(Exercise brief): Copy nothing but the text: repeat each entry exactly and drop the images.
━━━━━ Data extracts
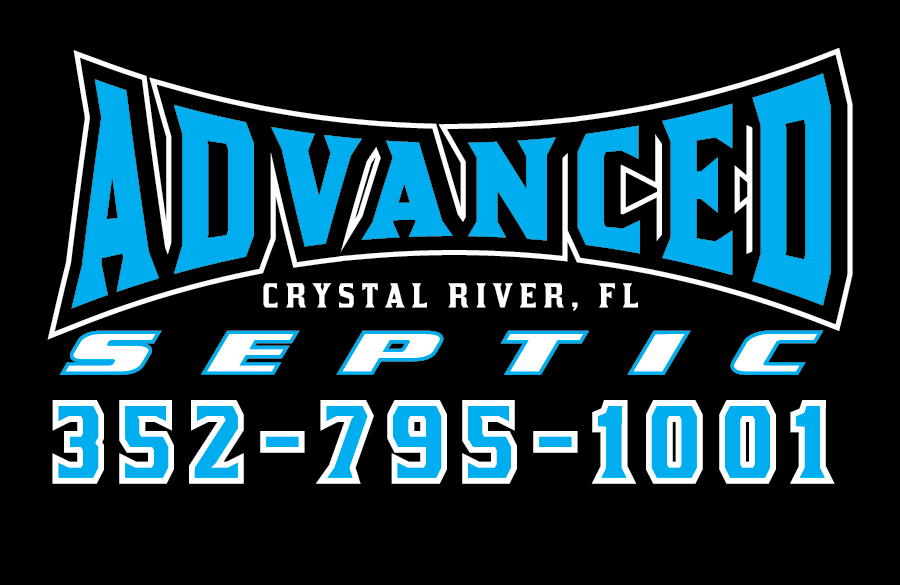 Logo for Advanced Septic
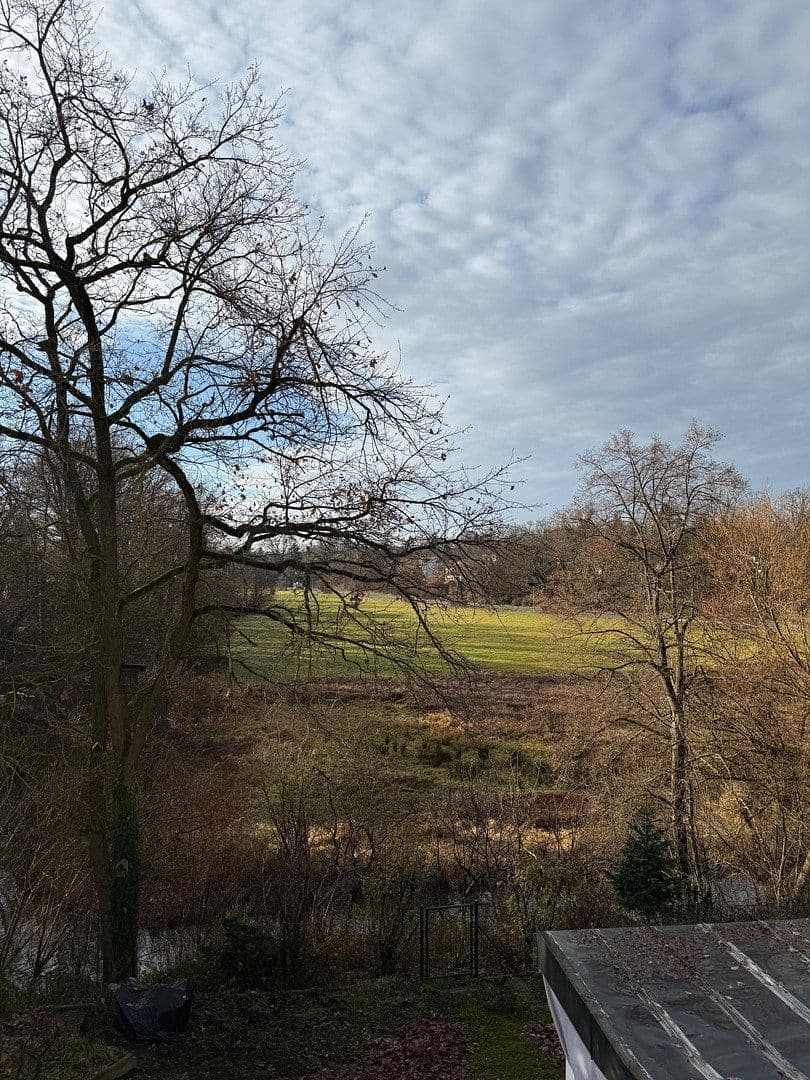 Prenájom bytu 3-izbový 84 m², Fürth, Bavorsko Prenájom bytu 3-izbový 84 m², Fürth, Bavorsko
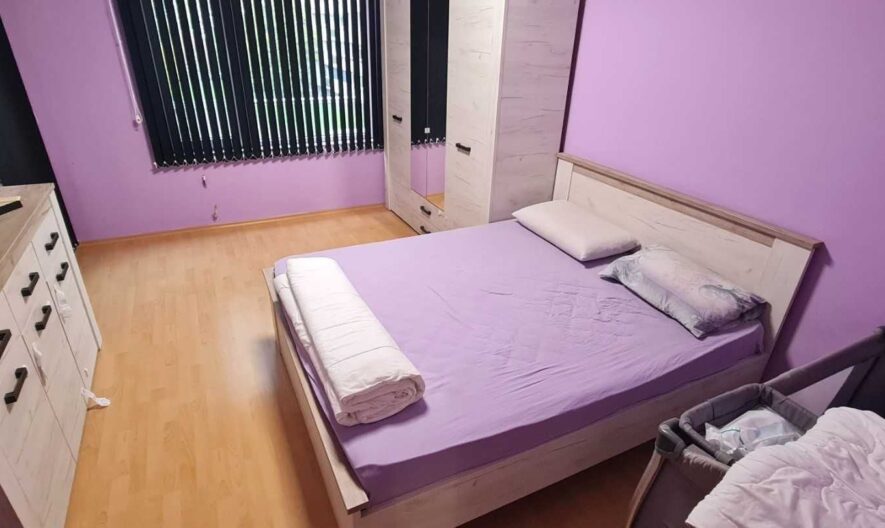 Двустаен Апартамент в Славейков - - снимка 4 - Имоти Премиер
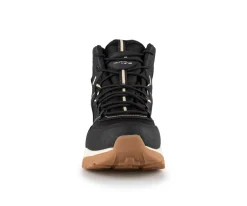 Bottes d'hiver Duty Nine pour hommes - CAUBVICK 2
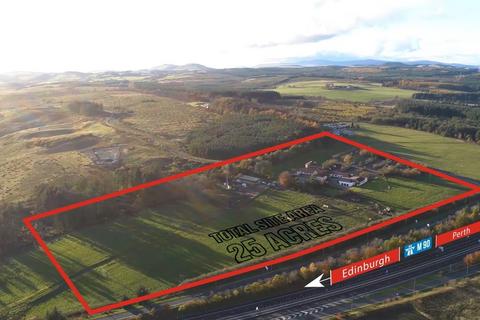 Retail property (high street) for sale, Kathellan Home Farm Kelty KY4 0JR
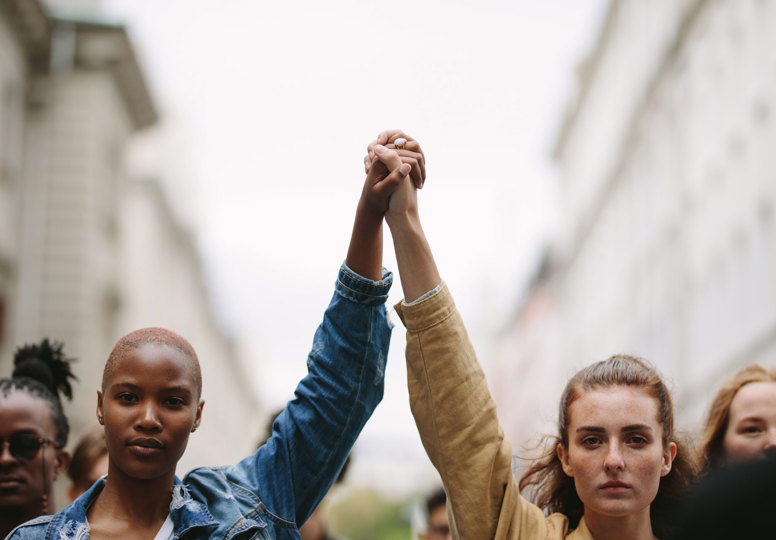 Uniting rights defenders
━━━━━━━━━━
(Expected output):
 Logo for Advanced Septic
 Prenájom bytu 3-izbový 84 m², Fürth, Bavorsko Prenájom bytu 3-izbový 84 m², Fürth, Bavorsko
 Двустаен Апартамент в Славейков - - снимка 4 - Имоти Премиер
 Bottes d'hiver Duty Nine pour hommes - CAUBVICK 2
 Retail property (high street) for sale, Kathellan Home Farm Kelty KY4 0JR
 Uniting rights defenders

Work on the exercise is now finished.